The revelations have rocked the auto sector around the world and cast a shadow over the German economy.
But according to Ifo's survey, “the climate index for the automotive sector even continued to rise this month,” the think-tank said.
“Assessments of the current business situation and business expectations both improved. Firms plan to ramp up production. Exports, however, are not expected to provide further stimuli,” Ifo chief Sinn added.
VW scandal a 'one-off'
Analysts welcomed the better-than-expected reading of the Ifo barometer this month.
“Of course, one should not interpret too much in a single confidence indicator but today's Ifo reading suggests that the German business community is filing the Volkswagen scandal as a one-off and is also shrugging off the risk from a possible Chinese and emerging markets slowdown,” said Carsten Brzeski at ING DiBa.
“Despite these external uncertainties and regular concerns about the real strength of the German economy, German business remain highly optimistic,” he said.
“Continued growth in the service sector, strong domestic demand and an outside world that might be slowing but is definitely not falling off a cliff, should keep the German economy on the sunny side,” the expert continued.
“All in all, the Ifo index shows that the German economy is not totally immune against external slowdowns and internal scandals. However, there is no reason at all to fear an abrupt slowdown,” Brzeski said.
Capital Economics economist Jennifer McKeown was more cautious.
“The small fall in the Ifo index in October echoes the message from other indicators that growth is now slowing,” she said.
“Admittedly, the decline … was not as sharp as the consensus forecast. The index remains at a pretty high level.
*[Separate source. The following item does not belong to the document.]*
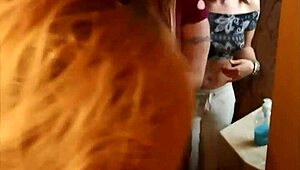 A pair of perverts caught in the act in a public restroom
In all, while we do not see German growth screeching to a halt, it seems clear that a modest slowdown is under way at a time when the economy's spare capacity has only just been used up,” she said.
Kipar similarly felt that the economic fallout from the VW scandal appeared to be limited for now.
The dip in the headline Ifo index “can be interpreted as a breather” following three consecutive increases since June, the analyst said.